Chapter 1: Awakening

When he opened his eyes, it was like being born. He was conscious of the past as a deep, insensate darkness. He had been nowhere, in a place that wasn't a place at all, that had no dimension or time. Now there was space around him, light in the darkness, and pain - pain everywhere.

His mouth was open, but he couldn't breathe because there was no air. Several moments of violent, soundless struggle passed before he grew accustomed to the fact that he couldn't asphyxiate. But the instinct to breathe was overwhelming and he felt as though he were somehow frozen in the moment of his death. The crushing emptiness of the space around him was somehow worse than the nowhere that had been before. And it was cold - so cold. There was ice under his skin, burning in his flesh.

When his new sight showed him the silvery threads snaking under his skin, his reaction was instinctive, violent.

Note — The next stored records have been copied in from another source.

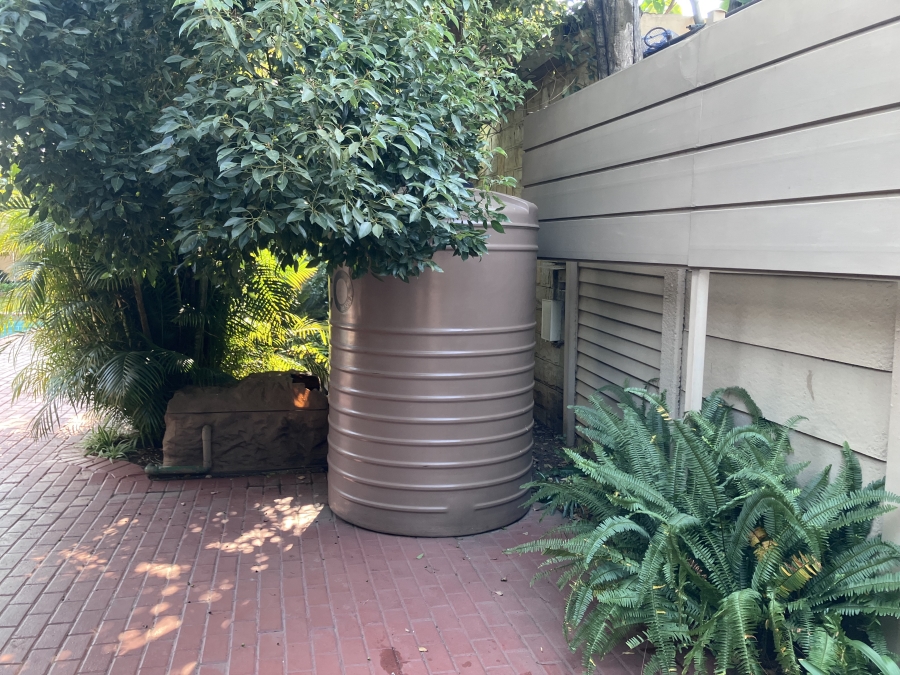 3 Bedroom Property for Sale in Capital Park Gauteng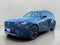 2025 Mazda Mazda CX-90 Premium Sport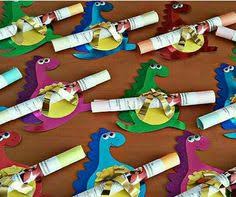 Find cash advance, debt consolidation and more at ewenstyle.com. 18 Result Envelopes Ideas Cards Crafts School Crafts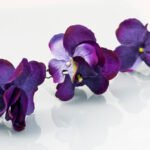 HORQUILLA ARTIFICIAL 5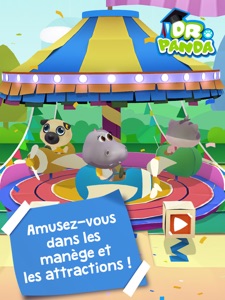 Capture d'écran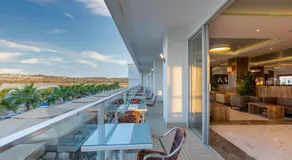 Labranda Lebedos Princess - All Inclusive - Image 4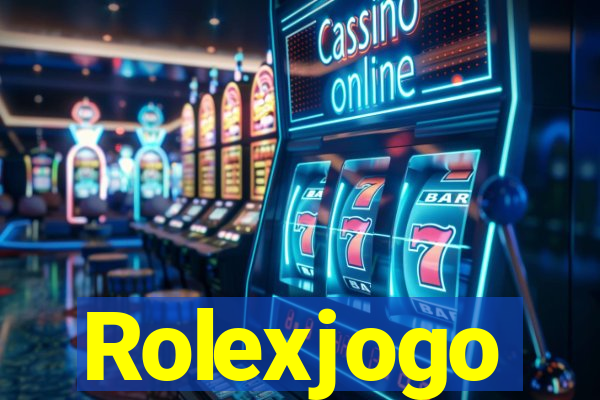 Rolexjogo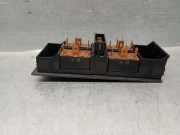 Schalter F?r Elekt. Fensterheber Links Vorne 441959521 Audi C3 Sed?n (443, 444) 2.2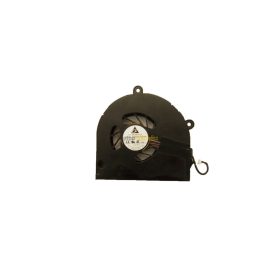 Packard Bell TK81, TK85 Ventilátor, használt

He had no thought but escape, no emotion but desperation. Fatigue was nothing. The deep cold, nothing. There was only the animal instinct clawing at the inside of his skull. He acted without knowing what he did. The delicate metal melted and scattered, refreezing immediately into irregular, shiny globs. The mirrors shattered silently at his touch. He reeled away from the light, the movement, the cage. He could hear nothing, but he saw the large structure below him shudder with a crushing impact. The terrible bone-deep pain lessened and then disappeared altogether. He felt a great fire sweeping through the empty places it had left. He felt the cold but he was no longer cold. Though there was still no air to breathe he no longer felt like he was suffocating. The warmth spread through him, banishing some of his fear. It beat in irregular waves against him, a soothing current washing over his aching body.

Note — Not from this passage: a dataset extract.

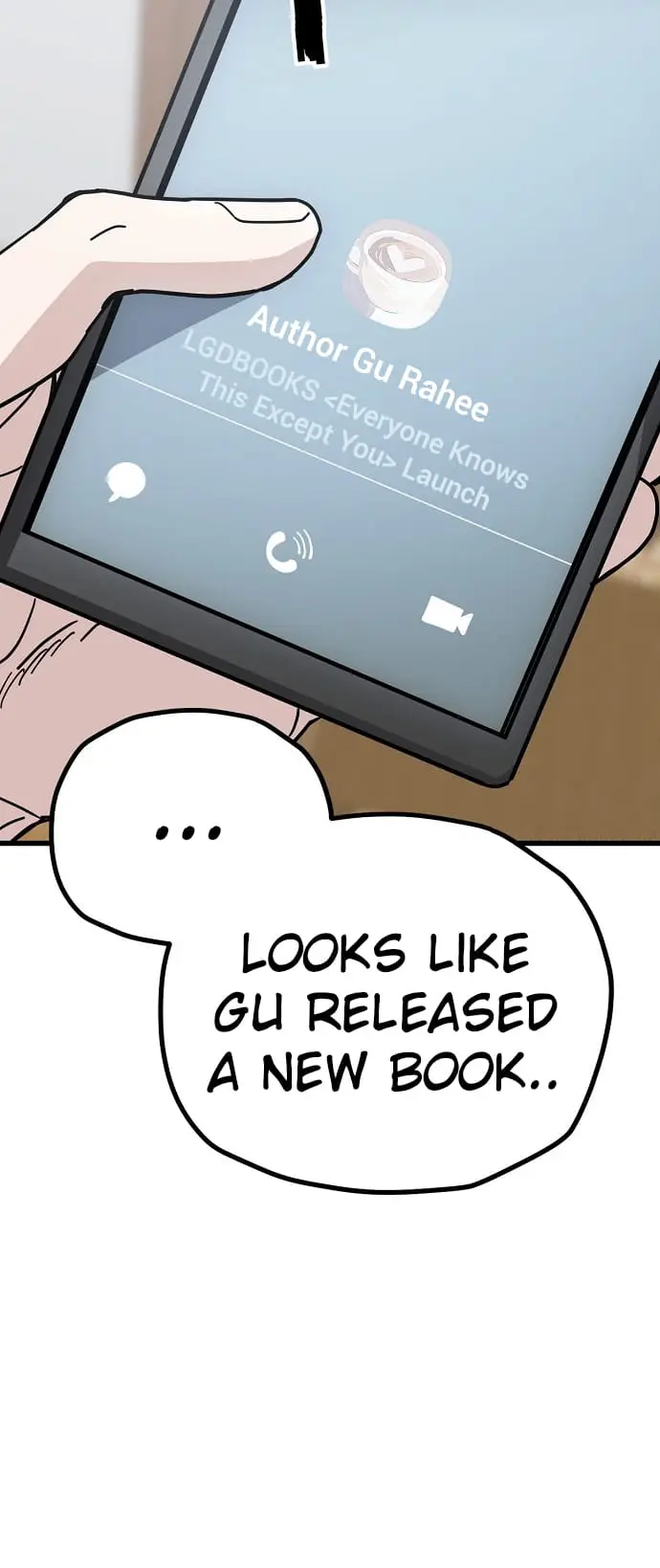 Read Unemployed Gye Baek soon Manga Online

He moved into that feeling of warm safety, riding the solar wind to its source. He couldn't tell that he was moving except that the frosted blue sphere before him grew larger, a tiny island of color in a shoreless sea of night. He recoiled from it violently, driven by a nameless compulsion through the darkness, to where the waves of sweet heat had their origin. He saw the radiance ahead blazing in a variety of spectra and drove himself toward it, the terrifying emptiness of the space around him urging him faster and faster. Again there was no sense of movement, but the small circle of light gradually grew until it filled his horizon, casting out miles-long whipping tendrils of flameless fire.

He raced forward until there was nothing in his vision but a blinding expanse of exploding energy. It filled him, burning insatiably, cocooning him in sheltering plasma at the same time it assaulted him with planet-shredding pressure. Here that tiny blue sphere would be consumed utterly, swallowed by the immensity of the nuclear forge. He pushed on through wave after wave of charged gas exploding outward with the force of fusing nuclei. At first the molten energies seemed to stretch forever, but finally he reached the core, where the sheer kinetic, atom-splitting force of it would have taken his breath away if his lungs weren't already full of 27 million-degree helium and hydrogen.

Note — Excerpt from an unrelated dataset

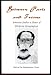 Between Paris And Fresno: Armenian Studies in Honor of Dickran Kouymjian (Armenian Studies Series)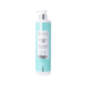 MASCARILLA CAPILAR LOVELY LISS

He balanced in the center of the violence, absorbing energy and redirecting it continuously, screaming soundlessly with the beautiful agony of it. He was dying over and over, he was being born over and over, it was torture, it was ecstasy, he couldn't stand it, he didn't want it to end, it was excruciatingly chaotic, it was the comforting, inevitable result of cause and effect. Everything that ever was, that would be, in a single obliterating eruption of power.

"The Sun's output is 3.8 x 1033 ergs/second, or about 5 x 1023 horsepower. How much is that? It is enough energy to melt a bridge of ice 2 miles wide, 1 mile thick, and extending the entire way from the Earth to the Sun, in one second."